By 1859 Kirchoff knew enough about the spectra of gases from laboratory studies to identify the chemical elements in the Sun responsible for the dark lines in the solar spectrum. Thus, on the basis of experiments done on Earth, he could discern that the Sun is not made of any heavenly substance like quintessence [as hypothesized by Aristotle] but of everyday earthly elements.

I often wonder why history doesn’t take more notice of Kirchoff’s accomplishment. The idea that we learned what the Sun and the stars are made of would have astonished the ancients: it still astonishes me. Some philosophers and historians are so alienated from science that the significance of the discovery is hardly mentioned.

This was made painfully clear to me one spring day in 1989, when, during a banquet at a physics conference in Rome, I found myself sitting next to a physicist’s spouse who happened to be a historian at the University of Rome.
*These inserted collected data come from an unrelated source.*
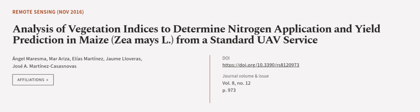239.8 kg.n.ha-1. This article was authored by Ángel Maresma, Mara Riza, Elias Martinez, and others. We are article.tv, links in the description below.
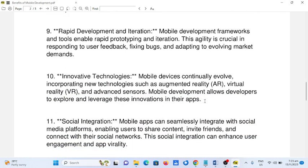10. Innovative technologies. Mobile devices continually evolve, incorporating new technologies such as augmented reality (AR), virtual reality (VR), and advanced sensors. Mobile development allows developers to explore and leverage these innovations in their apps.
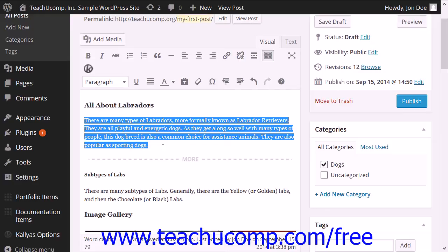Excerpts can be used to provide a brief description of the post. If you enable this option, your custom excerpt will be inserted before the read more link instead of the first part of your post. Note that not all themes in WordPress allow excerpts.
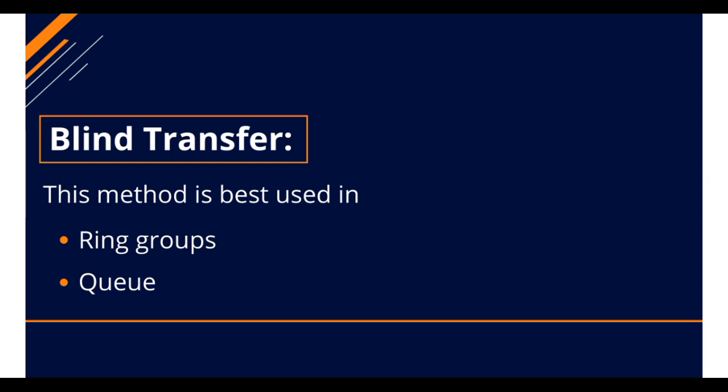This method is best used in ring groups or a queue. For example, the call is a sales call and you are passing the call to the sales floor as a blind transfer.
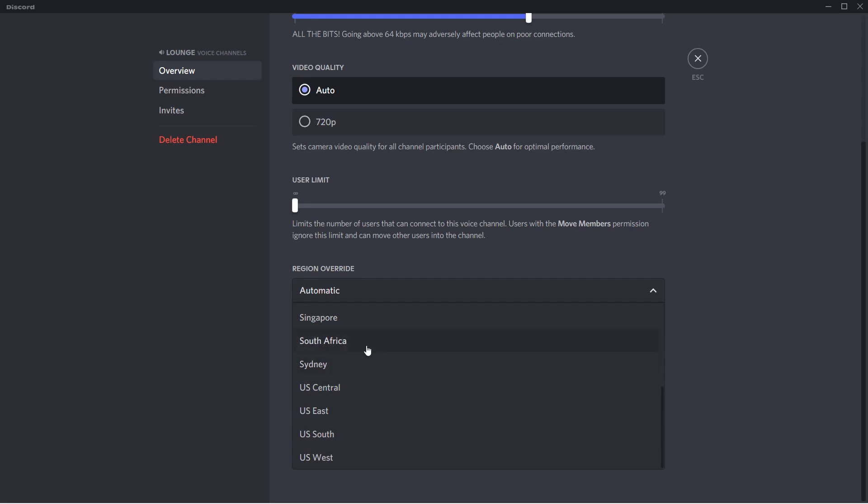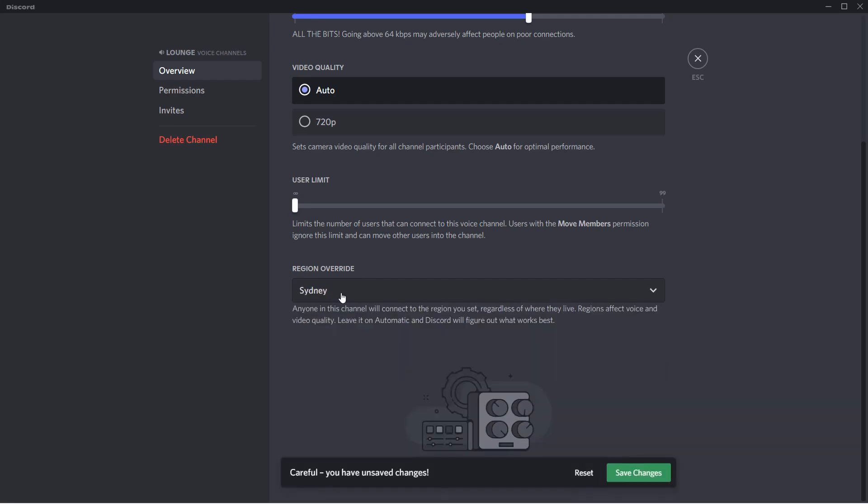So for instance you'll live closest to this region, you're just going to select that and save changes. But that is basically it.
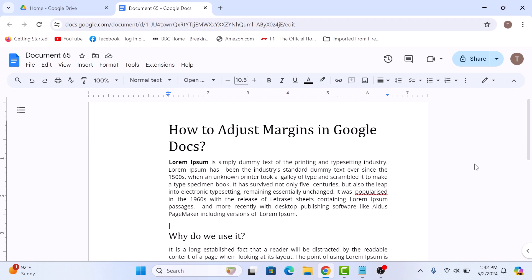Another way to change page margins on Google Docs is by using Ruler. It can be very helpful, especially if you want to change the margins of a particular paragraph. So, select the paragraph.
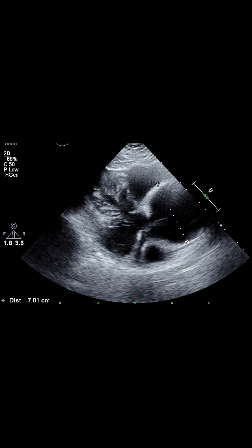Usually, the aortic root is considered normal up to roughly 3.6 cm in women and up to 4 cm in men, but the exact limits shift based on a person's height and body size.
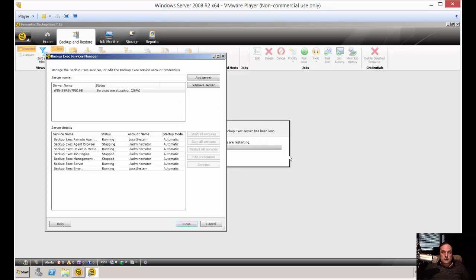So during the restarting the services, you'll see some messages that pop up in the back. Just ignore those. Once everything's restarted, you should have no problem in reconnecting to the backup exec server.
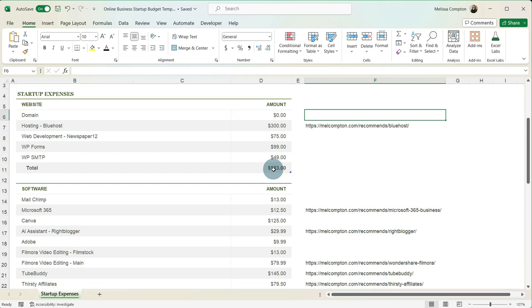So under your startup expenses for your website, that's roughly $523. Just real quick, Bluehost is for three years except for the domain. Your web development, if you go this route, is for the theme itself. WP Forms is annual and WP SMTP is annual.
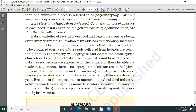This is all about sexual reproduction in flowering plants. Repeated reading is very important for NCERT content.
Although astronomy is a highly specialized profession, I am always amazed by the degree of specialization in other fields. She was an expert on European history of the year 1859 (presumably the university has one hundred nineteenth-century European historians). In a clumsy attempt at polite dinner conversation, I asked why she happened to concentrate on that year. With a “surely you must know” tone, she replied that it was a very significant year because of the development of a remarkable idea. I made the mistake of asking if she was referring to Kirchoff’s discovery of the chemical composition of the Sun. She stared at me so long, with such a curious expression on her face, that I thought surely I must have linguini stuck to my chin. But no, she was simply amazed by the naivete of my question. Finally, she informed me that the significant event of the year 1859 was the publication of A Critique of Political Economy, by Karl Marx.

I further compounded my errors by asking how a mere economic theory could be compared to the discovery of the composition of the stars. I suppose that a biologist might ask why she considered Marx’s book more important than another book published in 1859, On the Origin of Species, by Charles Darwin. After another long stare, with a sigh of exasperation she turned to the person sitting on her other side, presumably searching for more enlightened conversation. I am embarrassed to admit that in the intervening years I still haven’t understood why the development of a (since discredited) economic theory is of more lasting importance than learning the stuff of which the stars are made. Perhaps one day I will.

The original source is Edward W. “Rocky” Kolb’s Blind Watchers of the Skies (1996)

I put aside (with some reluctance) explanations that include the words arrogance, educated imbecility, Italian bourgeois manners and ideology. Say instead that the lady evidently lacked intellectual imagination.

I mean the capacity to appreciate the significance of discoveries in another discipline, not to understand them technically, but to grasp what they mean for our general, shared picture of the world. Some other, more recent discoveries of a like kind within my lifetime: Chomsky’s proposal (with the neurological evidence) that the human mind is ‘wired for language’; the platelet movement of the earth’s crust and of course, the cracking of the DNA code by Crick and Watson. Not to know something of discoveries of this magnitude, not to want to understand their consequences for our general outlook is surely to be disqualified from seriousness.

I have reservations about the presiding spirit over at Edge, web organ of the ‘third culture’ but its distinguished contributors make it essential reading.